TRT'nin yarım asrı aşan yayınlarıyla Türkiye'nin son 60 yıllık siyasal, toplumsal ve kültürel serencamını da gözler önüne serdiğini belirten Altun, şöyle devam etti:
"Bu kapsamda, TRT Türkiye'nin sevinçlerine olduğu kadar, darbelere, sıkıyönetim dönemlerine, ulusal ve uluslararası krizlere de şahitlik etmiştir. Şahitlik etmekle kalmamış, çalkantılı süreçlerden en çok etkilenen kurumların başında gelmiştir. TRT, Cumhurbaşkanımız Sayın Recep Tayyip Erdoğan'ın liderliğinde büyük bir atılım içerisine giren ülkemizin yeni konumuna uygun olarak milletimizin, gönül coğrafyamızın ve insanlığın yararına önemli adımlar atmıştır. TRT, büyük ve güçlü Türkiye'nin bir kurumu olarak habercilik, belgeselcilik, dizi ve film sektörlerinde güçlü içerikler ve markalar üretmiştir.

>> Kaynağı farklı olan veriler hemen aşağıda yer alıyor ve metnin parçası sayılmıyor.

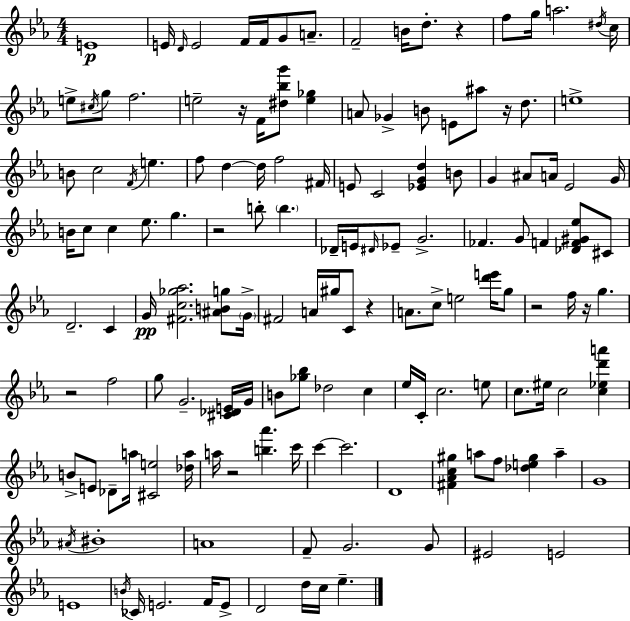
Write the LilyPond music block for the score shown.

{
  \clef treble
  \numericTimeSignature
  \time 4/4
  \key c \minor
  \repeat volta 2 { e'1\p | e'16 \grace { d'16 } e'2 f'16 f'16 g'8 a'8.-- | f'2-- b'16 d''8.-. r4 | f''8 g''16 a''2. | \break \acciaccatura { dis''16 } c''16 e''8-> \acciaccatura { cis''16 } g''8 f''2. | e''2-- r16 f'16 <dis'' bes'' g'''>8 <e'' ges''>4 | a'8 ges'4-> b'8 e'8 ais''8 r16 | d''8. e''1-> | \break b'8 c''2 \acciaccatura { f'16 } e''4. | f''8 d''4~~ d''16 f''2 | fis'16 e'8 c'2 <ees' g' d''>4 | b'8 g'4 ais'8 a'16 ees'2 | \break g'16 b'16 c''8 c''4 ees''8. g''4. | r2 b''8-. \parenthesize b''4. | des'16-- e'16 \grace { dis'16 } ees'8-- g'2.-> | fes'4. g'8 f'4 | \break <des' f' gis' ees''>8 cis'8 d'2.-- | c'4 g'16\pp <fis' c'' ges'' aes''>2. | <ais' b' g''>8 \parenthesize g'16-> fis'2 a'16 gis''16 c'8 | r4 a'8. c''8-> e''2 | \break <d''' e'''>16 g''8 r2 f''16 r16 g''4. | r2 f''2 | g''8 g'2.-- | <cis' des' e'>16 g'16 b'8 <ges'' bes''>8 des''2 | \break c''4 ees''16 c'16-. c''2. | e''8 c''8. eis''16 c''2 | <c'' ees'' d''' a'''>4 b'8-> e'8 des'8-- a''16 <cis' e''>2 | <des'' a''>16 a''16 r2 <b'' aes'''>4. | \break c'''16 c'''4~~ c'''2. | d'1 | <fis' aes' c'' gis''>4 a''8 f''8 <des'' e'' gis''>4 | a''4-- g'1 | \break \acciaccatura { ais'16 } bis'1-. | a'1 | f'8-- g'2. | g'8 eis'2 e'2 | \break e'1 | \acciaccatura { b'16 } ces'16 e'2. | f'16 e'8-> d'2 d''16 | c''16 ees''4.-- } \bar "|."
}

TRT bunu yaparken, sadece ulusal alanda ve konvansiyonel medyanın sınırları içinde kalmamış, aynı zamanda yetkin bir uluslararasılaşma ve dijitalleşme sürecini de hayata geçirmiştir. 'Uluslararasılaşma ve dijitalleşme.' Bana göre bu iki kavram TRT'nin son dönemine damgasını vuran iki önemli kavramdır. Bugün TRT, TRT World başta olmak üzere, geçen hafta açılışını yaptığımız TRT İspanyolca Dijital Haber Platformu, TRT Arapça, TRT Rusça, TRT Afrika, TRT Balkan, TRT Fransızca’nın da aralarında olduğu 41 dil ve lehçede yaptığı yayınlarla küresel bir içerik üreticisidir. Küresel bir medya markasıdır. Şunu çok açık ve net bir biçimde dile getirmeliyiz. Modern dönemde, küresel adaletsizliği besleyen unsurlar içinde medya emperyalizmi en temel sorun alanlarından birini teşkil etmektedir."
"TRT, sıhhatli bir iletişim akışına katkı sunmaktır"

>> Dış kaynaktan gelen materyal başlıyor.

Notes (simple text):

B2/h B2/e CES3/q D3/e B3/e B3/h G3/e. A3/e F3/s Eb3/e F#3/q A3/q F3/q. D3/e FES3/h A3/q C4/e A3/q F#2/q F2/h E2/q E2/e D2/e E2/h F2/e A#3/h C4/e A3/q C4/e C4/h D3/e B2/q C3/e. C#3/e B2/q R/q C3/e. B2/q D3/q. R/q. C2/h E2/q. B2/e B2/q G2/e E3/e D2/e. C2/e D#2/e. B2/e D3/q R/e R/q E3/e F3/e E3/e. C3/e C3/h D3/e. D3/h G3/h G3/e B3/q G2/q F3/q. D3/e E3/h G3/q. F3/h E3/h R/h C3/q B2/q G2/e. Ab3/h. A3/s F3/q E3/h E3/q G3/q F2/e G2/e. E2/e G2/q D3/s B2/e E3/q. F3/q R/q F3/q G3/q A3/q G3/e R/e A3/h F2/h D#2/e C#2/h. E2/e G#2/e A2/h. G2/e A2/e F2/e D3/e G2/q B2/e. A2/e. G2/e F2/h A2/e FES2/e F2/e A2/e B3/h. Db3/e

Dünya kamuoyunun algısını yönetmede belki de en sinsi gücün, medyanın söylem ve anlatı oluşturma gücü olduğunu ifade eden Altun, "Batı dünyası bugün bu güçten kendi emperyal amaçlarını kamufle etmek için faydalanmaktadır. Söz gelimi, 19. yüzyılın ikinci yarısında ortaya çıkan haber ajansları, basınla birlikte sömürgeciliğin keşif kolunu oluşturmuşlardır." dedi.

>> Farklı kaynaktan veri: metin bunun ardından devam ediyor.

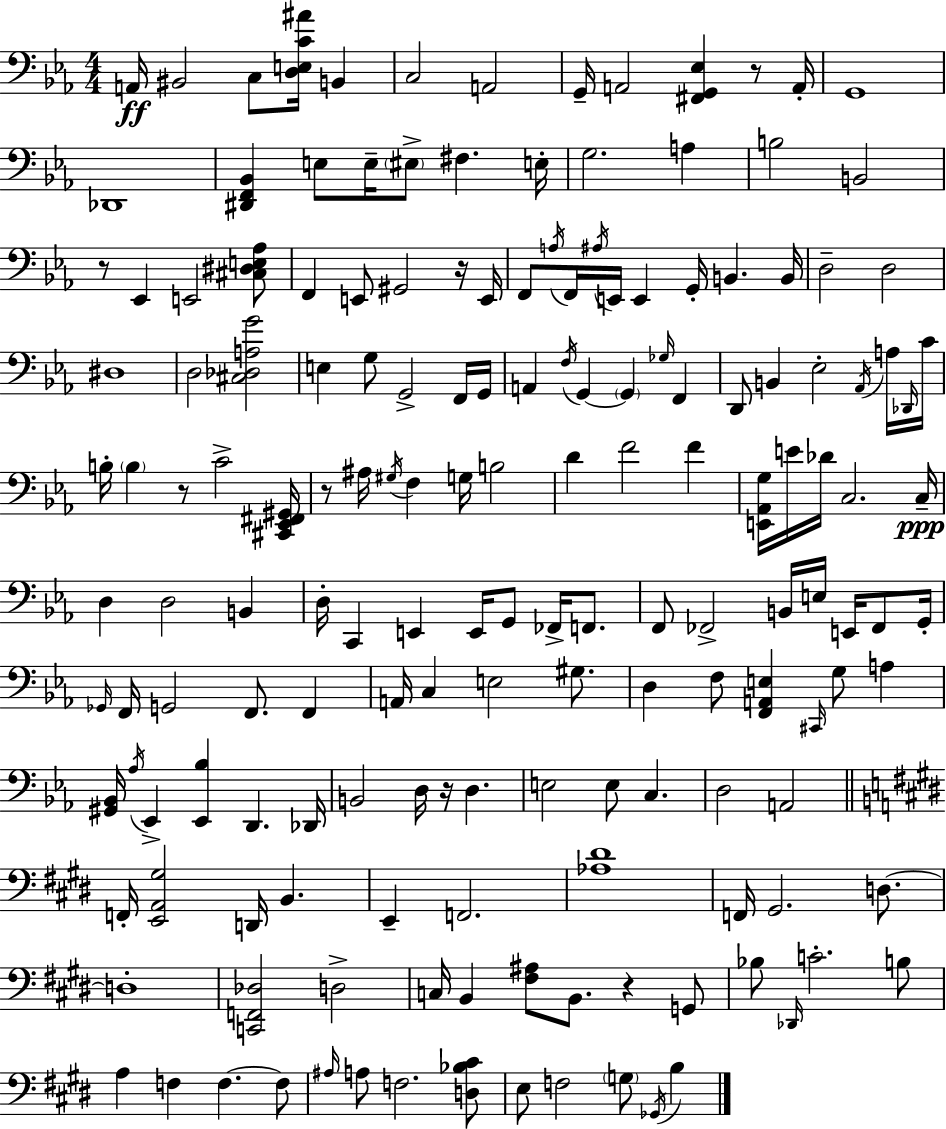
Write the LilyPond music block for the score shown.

İletişim ve medya alanında Batı tahakkümünün tartışma konusu olmasının ancak 1970'lerle birlikte mümkün olduğunu söyleyen Altun, "Bu yıllarda çok sesli ve çok kültürlü enformasyon akışı talepleri yükselmeye başlamıştır. Türkiye, o dönemde bu taleplere cevap vermeye çalışmış, ne var ki bu gücü ancak 2010'lardan sonra kendisinde bulabilmiş ve TRT World başta olmak üzere uluslararası medya markalarını bünyesinden çıkarmıştır. Buradaki en temel amaç, uluslararası barış, adalet ve hakkaniyet ortamının oluşumuna katkı sunacak sıhhatli bir iletişim akışına katkı sunmaktır." ifadelerini kullandı.
TRT'nin, Batılı medya organlarının üzerini örttüğü veya görmezden geldiği hemen her konuda uluslararası topluma doğru bilgileri, yerinde ve zamanında ulaştırdığını söyleyen Altun, şöyle konuştu:
"Bugün Amerikan üniversitelerinde yaşanan İsrail protestoları Batılı medya tekelleri tarafından görmezden gelinmekte, üstü örtülmeye çalışılmaktadır. TRT bu olayları en başından itibaren yerinde izlemekte ve böylelikle uluslararası alanda bir hakikat mücadelesi vermektedir. TRT gibi kurumlarımız, üniversite öğrencilerinin, akademisyenlerin İsrail'in soykırımına karşı ayaklanmasını bütün dünyaya anlatmaya çalışmaktadır. Bu çok değerli bir çabadır, hakikat namına, adalet namına çok değerli bir çabadır. Öyle inanıyorum ki TRT bu çabaya devam edecektir. Şartlar ne olursa olsun, biz bunu çok açık şekilde söylüyoruz ve Sayın Cumhurbaşkanımızdan bunu net bir şekilde öğreniyoruz, biz hakikat nöbetimizi sadece ulusal alanda değil, küresel düzlemde de tüm kurum ve kuruluşlarımızla sürdürmekte kararlıyız.